Le frère de Pantaléon Sâ, ambassadeur de Portugal en Angleterre, ayant cru que sa licence serait impunie parce que la personne de son frère était sacrée, insulta des citoyens de Londres, et en fit assassiner un pour se venger de la résistance des autres ; il fut condamné à être pendu. Cromwell, qui pouvait lui faire grâce, le laissa exécuter, et signa ensuite un traité avec l’ambassadeur.

Jamais le commerce ne fut si libre ni si florissant ; jamais l’Angleterre n’avait été si riche. Ses flottes, victorieuses, faisaient respecter son nom sur toutes les mers ; tandis que Mazarin, uniquement occupé de dominer et de s’enrichir, laissait languir dans la France la justice, le commerce, la marine, et même les finances.
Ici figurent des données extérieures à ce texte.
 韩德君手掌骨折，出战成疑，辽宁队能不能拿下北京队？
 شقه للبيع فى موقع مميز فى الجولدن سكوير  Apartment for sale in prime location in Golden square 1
Maître de la France, comme Cromwell l’était de l’Angleterre, après une guerre civile, il eût pu faire pour le pays qu’il gouvernait ce que Cromwell avait fait pour le sien ; mais il était étranger, et l’âme de Mazarin, qui n’avait pas la barbarie de celle de Cromwell, n’en avait pas aussi la grandeur.

Toutes les nations de l’Europe qui avaient négligé l’alliance de l’Angleterre sous Jacques Ier, et sous Charles Ier, la briguèrent sous le protecteur. La reine Christine elle-même, quoiqu’elle eût détesté le meurtre de Charles Ier, entra dans l’alliance d’un tyran qu’elle estimait.

Mazarin et don Louis de Haro prodiguèrent à l’envi leur politique pour s’unir avec le protecteur. Il goûta quelque temps la satisfaction de se voir courtisé par les deux plus puissants royaumes de la chrétienté.

Le ministre espagnol lui offrait de l’aider à prendre Calais ; Mazarin lui proposait d’assiéger Dunkerque, et de lui remettre cette ville[1]. Cromwell avait à choisir entre les clefs de la France et celles de la Flandre. Il fut beaucoup sollicité aussi par Condé ; mais il ne voulut point négocier avec un prince qui n’avait plus pour lui que son nom, et qui était sans parti en France, et sans pouvoir chez les Espagnols.

  1. Voyez l’article Cromwell dans le Dictionnaire philosophique.